You don't have to be Rick Perry to understand its importance...

Great bit of journalism here by Michael Lewis. Based on personal experience, I'm skeptical of technocrats too, but this seems to be a serious issue and shows in some instances they are a necessary evil. I'll be curious to see CID's take on the piece.

Here's a couple of examples of the good things that come out of the D.O.E.
By early summer I had spoken with 20 or so of the people who had run the department, along with a handful of career people. All of them understood their agency as a powerful tool for dealing with the most alarming risks facing humanity. All thought the tool was being badly mishandled and at risk of being busted. They’d grown used to the outside world not particularly knowing, or caring, what they did—unless they screwed up. At which point they became the face of government waste or stupidity. “No one notices when something goes right,” as Max Stier put it to me. “There is no bright-spot analysis.” How can an organization survive that stresses and responds only to the worst stuff that happens inside it? How does it encourage more of the best stuff, if it doesn’t reward it?
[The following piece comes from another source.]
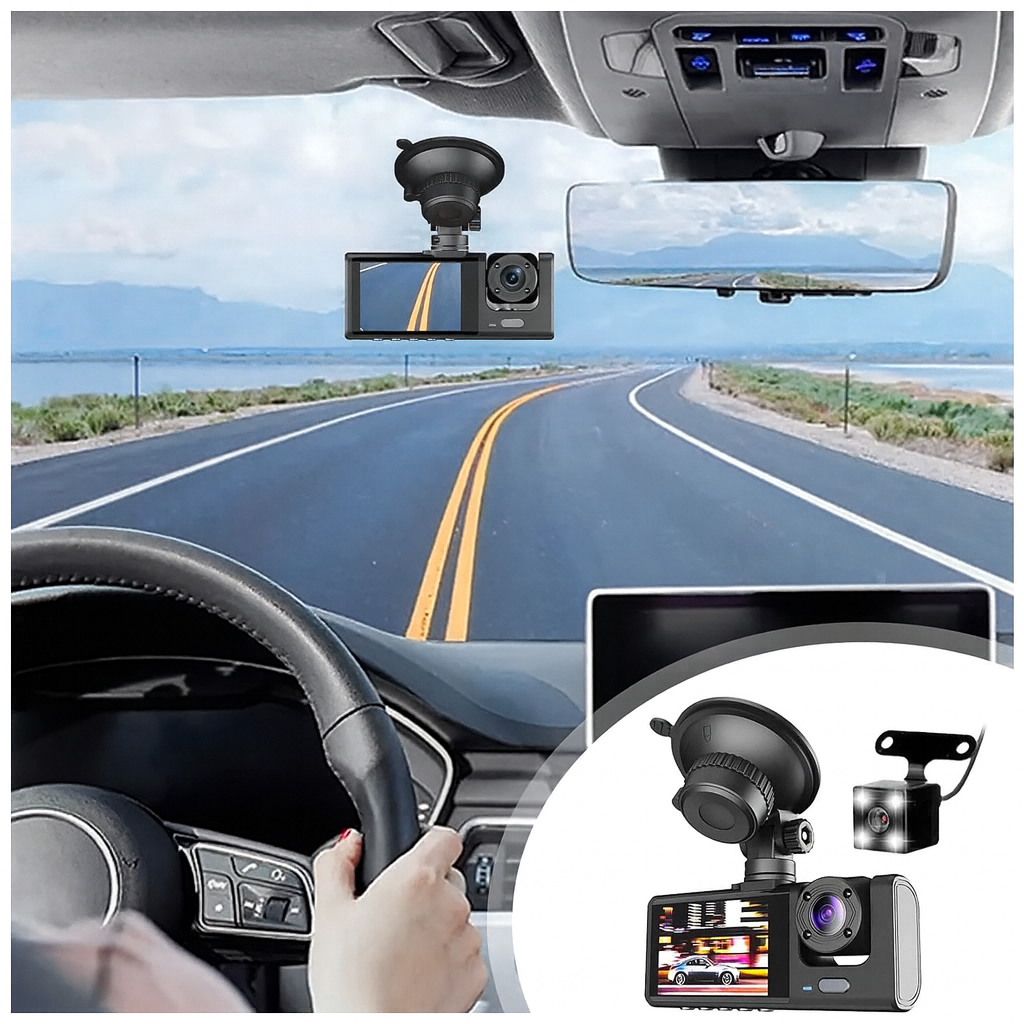 Conduce Seguro, Vive Tranquilo - GRABADORA DE CONDUCCION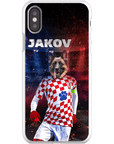 'Croatia Doggos Soccer' Personalized Phone Case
The $70 billion loan program that John MacWilliams had been hired to evaluate was a case in point. It had been authorized by Congress in 2005 to lend money, at very low interest rates, to businesses so that they might develop game-changing energy technologies. The idea that the private sector under-invests in energy innovation is part of the origin story of the D.O.E. “The basic problem is that there is no constituency for an energy program,” James Schlesinger, the first secretary of energy, said as he left the job. “There are many constituencies opposed.” Existing energy businesses—oil companies, utilities—are obviously hostile to government-sponsored competition. At the same time they are essentially commodity businesses, without a lot of fat in them. The stock market does not reward even big oil companies for research and development that will take decades to pay off. And the sort of research that might lead to huge changes in energy production often doesn’t pay off for decades. Plus it requires a lot of expensive science: discovering a new kind of battery or a new way of capturing solar energy is not like creating a new app. Fracking—to take one example—was not the brainchild of private-sector research but the fruit of research paid for 20 years ago by the D.O.E. Yet fracking has collapsed the price of oil and gas and led to American energy independence. Solar and wind technologies are another example. The Obama administration set a goal in 2009 of getting the cost of utility-scale solar energy down by 2020 from 27 cents a kilowatt-hour to 6 cents. It’s now at seven cents, and competitive with natural gas because of loans made by the D.O.E. “The private sector only steps in once D.O.E. shows it can work,” said Franklin Orr, a Stanford professor of engineering who has just finished a two-year leave of absence, while he oversaw the D.O.E.’s science programs.......................
Right away he faced the hostility of right-wing think tanks. The Heritage Foundation even created its own budget plan back in 2011 that eliminated ARPA-E. American politics was alien to the Indian immigrant; he couldn’t fathom the tribal warfare. “Democrat, Republican—what is this?,” as he put it. “Also, why don’t people vote? In India people stand in line in 40 degrees Celsius to vote.” He phoned up the guys who had written the Heritage budget and invited them over to see what they’d be destroying. They invited him to lunch. “They were very gracious,” said Majumdar, “but they didn’t know anything. They were not scientists in any sense. They were ideologues. Their point was: the market should take care of everything. I said, ‘I can tell you that the market does not go into the lab and work on something that might or might not work.’ ”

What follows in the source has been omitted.